Dituduh Tak Setia, Presiden Zimbabwe Pecat Wakilnya
 Presiden Zimbabwe Robert Mugabe (istimewa)
 07 November 2017 11:00:38 wib
Share :

Kabar7, Harare (Zimbabwe) - Presiden Zimbabwe Robert Mugabe memecat Wakilnya Emmerson Mnangagwa karena dituduh tidak setiap kepadanya.

"Mugabe menggunakan kekuasaannya untuk melengserkan yang terhormat wakil presiden E.D. Mnangagwa dari posisinya sebagai wakil presiden," kata Menteri Informasi Simon Khaya Moyo dalam konferensi pers di Harare, menuduhnya "tidak setia".
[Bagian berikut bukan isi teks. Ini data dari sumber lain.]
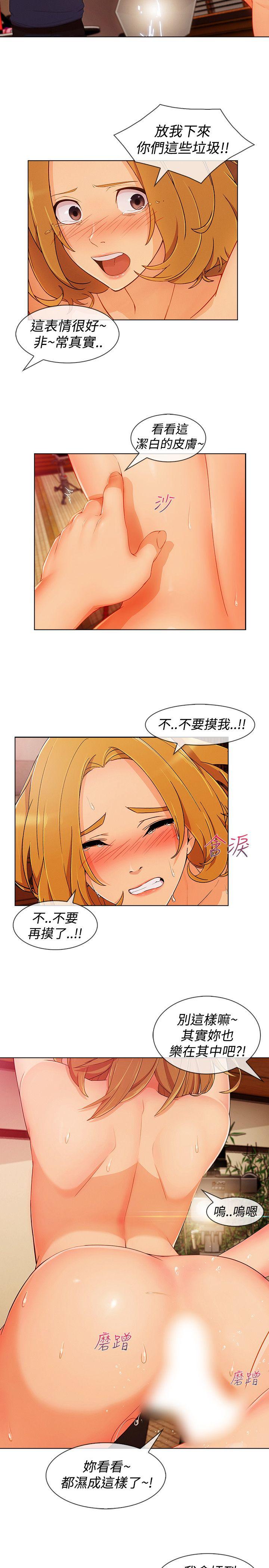 第3季12 - 第14.jpg页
Pemecatan ini juga tak lepas dari persaingan antara Mnangagwa dan istri Mugabe, Grace, yang semakin intens untuk menggantikan presiden, menurut pernyataan pemerintah, Senin (6/11/2017). Grace sendiri mendapat dukungan dari suaminya dalam pencalonan presiden.
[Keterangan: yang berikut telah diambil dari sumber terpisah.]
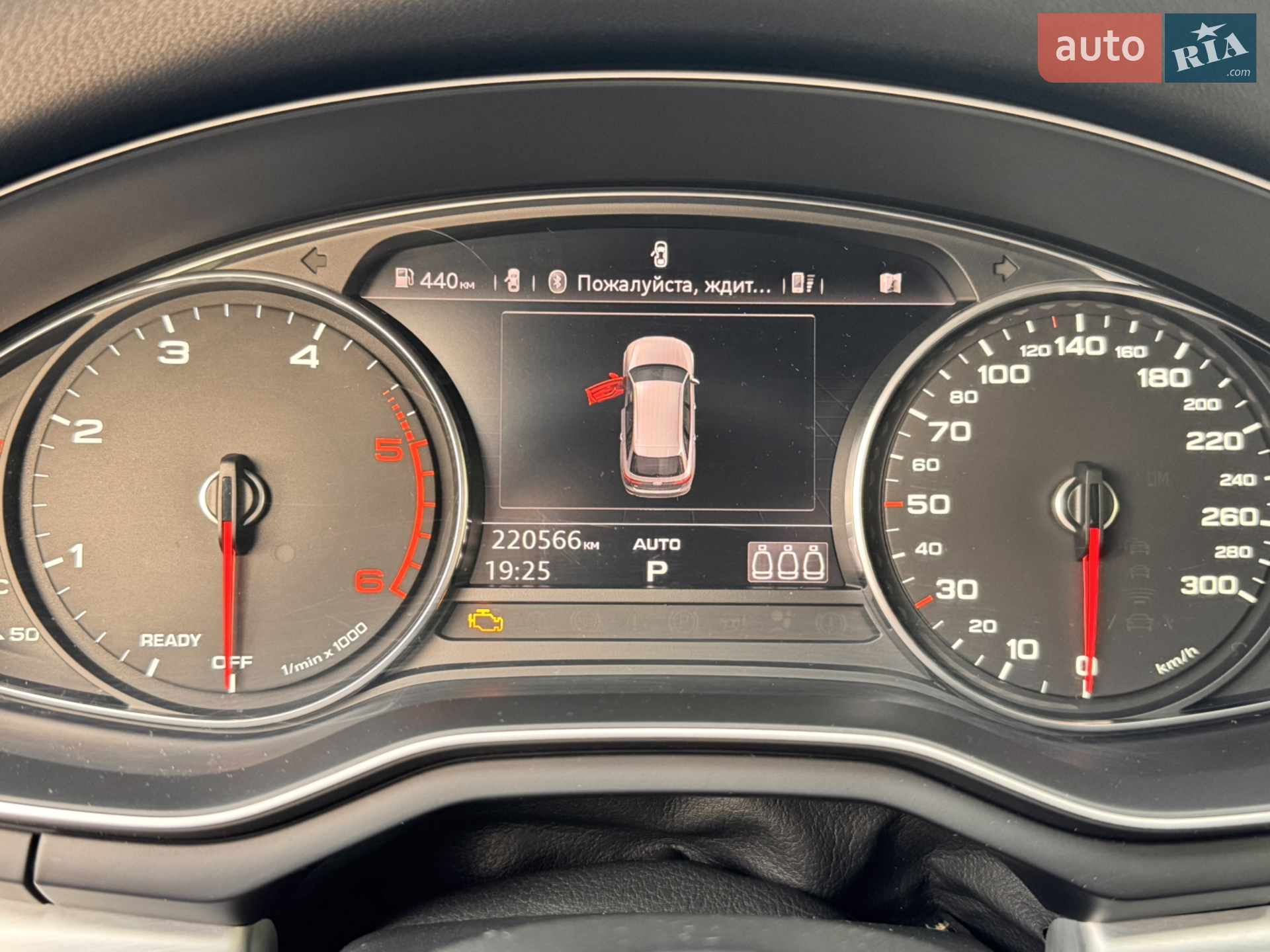 2016 Audi A4 - мініатюра 28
Mugabe pada sebelumnya juga telah mengancam Mnangagwa akan dipecat dari jabatanya sebagai wakil presiden. Ia dituduh mengipasi faksionalisme untuk menggalang dukungan menjelang kongres istimewa partai pada Desember, setelah Grace disambut cibiran saat kampanye akhir pekan.
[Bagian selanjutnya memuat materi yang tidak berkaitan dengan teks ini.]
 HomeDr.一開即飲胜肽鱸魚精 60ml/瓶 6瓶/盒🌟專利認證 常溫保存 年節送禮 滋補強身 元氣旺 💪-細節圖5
Grace merespons dengan menantang pada Minggu, mengatakan bahwa dia siap menggantikan suaminya.

"Telah terbukti bahwa perilakunya dalam melepaskan tugas menjadi tidak konsisten dengan tanggung jawab resminya," kata Moyo sebagaimana dikutip kantor berita AFP, yang dilansir dari Antaranews.

"Wakil Presiden telah secara konsisten dan terus menerus menunjukkan sifat-sifat ketidaksetiaan, ketidakhormatan, tipu daya dan tidak dapat diandalkan".

Untuk diketahui, Mnangagwa dilantik menjadi wakil presiden pada 2014. Kala itu dia menggantikan Joice Mujuru yang juga dipecat setelah Grace Mugabe melancarkan kampanye menuduhnya berencana menggulingkan presiden.